I found that jicama blends particularly well with many Asian flavors. My recipe for jicama slaw highlights this relationship. I thinly slice a mixture of fresh, colorful vegetables and toss them with a sharp, mildly sweet rice wine vinegar dressing. The addition of sesame oil, toasted peanuts and fresh cilantro give this slaw a distinctly savory yet clean quality reminiscent of green papaya salads found in Thai cuisine.

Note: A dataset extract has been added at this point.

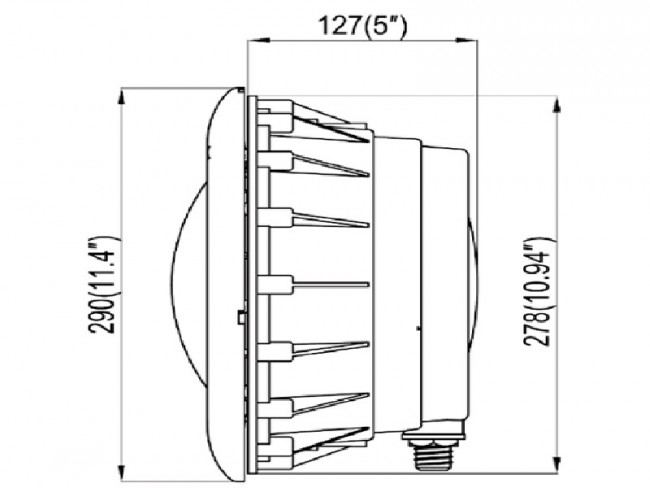 LED lamp 'wit' voor PVC bad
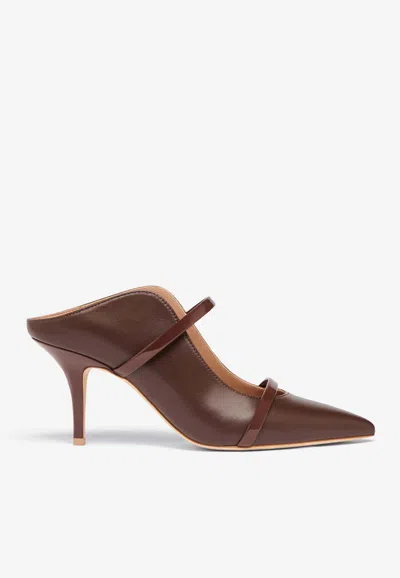 MALONE SOULIERS MAUREEN 70 POINTED LEATHER MULES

The bright qualities of this jicama slaw make it a delicious juxtaposition to heavier dishes as it helps them from becoming cloying and stodgy. Try this slaw with my Sesame-Honey Chicken Wing recipe or pair it with some roasted pork belly. If meat isn’t your thing, crisp up some chunks of tofu, sprinkle with thinly sliced Bird’s eye or jalapeno chilies and serve with a side of jicama slaw. Yuuuummmy!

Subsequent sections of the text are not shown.